I recently attended a symposium, held at the University of Toronto and sponsored by a group of politically savvy libertarian and conservative students, on the topic of free speech and expression in the current repressive cultural and political milieu. The audience of almost every other conservative symposium I have attended has been composed chiefly of elderly white men, with a modest sprinkling of women and a sparse handful of younger people. On this occasion I was gladdened to note that the age gap had been bridged, dividing equally between older and younger, while the distaff representation was comparatively prominent.

The fact that the symposium was organized by two student groups worried about their political and economic future, Students for Liberty and Generation Screwed, explained the mixed composition of the conference attendees and signaled a more hopeful future for the nascent conservative movement growing on campus as well as in the non-academic world.

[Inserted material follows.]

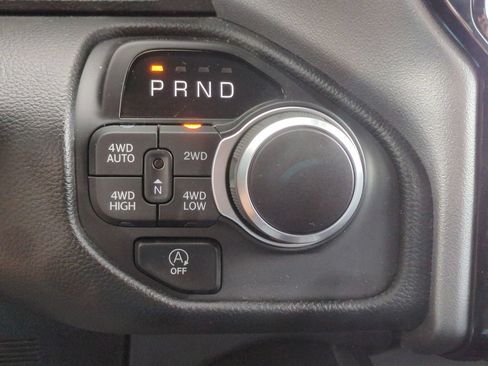 Used 2025 RAM 1500 Big Horn AWD/4WD image 11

This young, right-leaning cohort -- politically active, intellectually engaged, well-educated and civil -- are in marked contrast to their leftist counterparts consisting of a mélange of snowflakes and hooligans, who were soon to make their presence known at the event.

The issues discussed at the symposium largely involved the nature and definition of speech violence, or what is called “hate speech,” criminalized in several countries and jurisdictions. Both sides of the dispute, left and right, agree that limits to freedom of speech are necessary, but disagree as to where these limits should be placed. The left, whether radical or moderate, regards as felonies forms of speech that offend a privileged identity group, whether racial, ethnic, religious (i.e., Muslims), or gender-based (i.e., women, gays, trans-people), or criticizes the ideological positions such favored groups adopt. Additionally, a prime tactic of the left is what we may call pre-emptive suppression. Speaking engagements are often shut down before or during an address, making debate and discussion impossible. Censorship and repression thus become acceptable methods of dealing with such perceived “transgressions” as open colloquies, lectures and conferences.

The conservative right believes that speech should be mainly unfettered, except when it damages reputations through lies or urges acts of physical violence. Of course, speech itself can be an act, as philosopher J.L. Austin has shown in How to Do Things with Words: in his most famous example, when the minister states “I now pronounce you husband and wife,” an act has been performed since it changes the status of the participants.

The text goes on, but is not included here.